All lines from the one with "Zebra finch neurons" through the close of the records below are to be set down exactly, and no others.
▼▼▼
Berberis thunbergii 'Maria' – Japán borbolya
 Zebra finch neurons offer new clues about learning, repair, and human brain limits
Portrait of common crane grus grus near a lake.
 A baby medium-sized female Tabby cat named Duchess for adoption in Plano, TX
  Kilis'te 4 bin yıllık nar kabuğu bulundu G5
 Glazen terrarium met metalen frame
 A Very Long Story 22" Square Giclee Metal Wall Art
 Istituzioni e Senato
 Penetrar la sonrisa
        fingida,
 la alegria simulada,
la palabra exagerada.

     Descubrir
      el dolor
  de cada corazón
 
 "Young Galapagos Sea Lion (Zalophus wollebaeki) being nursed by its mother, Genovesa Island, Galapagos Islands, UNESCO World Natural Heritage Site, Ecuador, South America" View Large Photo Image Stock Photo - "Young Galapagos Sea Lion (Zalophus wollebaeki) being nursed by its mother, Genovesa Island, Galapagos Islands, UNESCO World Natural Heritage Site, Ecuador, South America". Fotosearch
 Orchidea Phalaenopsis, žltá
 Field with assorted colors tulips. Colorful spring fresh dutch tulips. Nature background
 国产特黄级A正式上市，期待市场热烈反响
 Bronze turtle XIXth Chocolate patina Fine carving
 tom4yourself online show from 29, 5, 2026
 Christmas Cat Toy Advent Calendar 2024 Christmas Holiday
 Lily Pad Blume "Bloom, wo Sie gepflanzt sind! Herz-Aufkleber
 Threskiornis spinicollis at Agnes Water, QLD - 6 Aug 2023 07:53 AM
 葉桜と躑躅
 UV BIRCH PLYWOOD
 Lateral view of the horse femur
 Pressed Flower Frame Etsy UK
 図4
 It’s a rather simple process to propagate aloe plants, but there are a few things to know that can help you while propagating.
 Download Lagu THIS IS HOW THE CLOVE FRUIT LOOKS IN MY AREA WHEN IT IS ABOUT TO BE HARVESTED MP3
▲▲▲
> _RESULT BELOW_
 Zebra finch neurons offer new clues about learning, repair, and human brain limits
Portrait of common crane grus grus near a lake.
 A baby medium-sized female Tabby cat named Duchess for adoption in Plano, TX
  Kilis'te 4 bin yıllık nar kabuğu bulundu G5
 Glazen terrarium met metalen frame
 A Very Long Story 22" Square Giclee Metal Wall Art
 Istituzioni e Senato
 Penetrar la sonrisa
        fingida,
 la alegria simulada,
la palabra exagerada.

     Descubrir
      el dolor
  de cada corazón
 
 "Young Galapagos Sea Lion (Zalophus wollebaeki) being nursed by its mother, Genovesa Island, Galapagos Islands, UNESCO World Natural Heritage Site, Ecuador, South America" View Large Photo Image Stock Photo - "Young Galapagos Sea Lion (Zalophus wollebaeki) being nursed by its mother, Genovesa Island, Galapagos Islands, UNESCO World Natural Heritage Site, Ecuador, South America". Fotosearch
 Orchidea Phalaenopsis, žltá
 Field with assorted colors tulips. Colorful spring fresh dutch tulips. Nature background
 国产特黄级A正式上市，期待市场热烈反响
 Bronze turtle XIXth Chocolate patina Fine carving
 tom4yourself online show from 29, 5, 2026
 Christmas Cat Toy Advent Calendar 2024 Christmas Holiday
 Lily Pad Blume "Bloom, wo Sie gepflanzt sind! Herz-Aufkleber
 Threskiornis spinicollis at Agnes Water, QLD - 6 Aug 2023 07:53 AM
 葉桜と躑躅
 UV BIRCH PLYWOOD
 Lateral view of the horse femur
 Pressed Flower Frame Etsy UK
 図4
 It’s a rather simple process to propagate aloe plants, but there are a few things to know that can help you while propagating.
 Download Lagu THIS IS HOW THE CLOVE FRUIT LOOKS IN MY AREA WHEN IT IS ABOUT TO BE HARVESTED MP3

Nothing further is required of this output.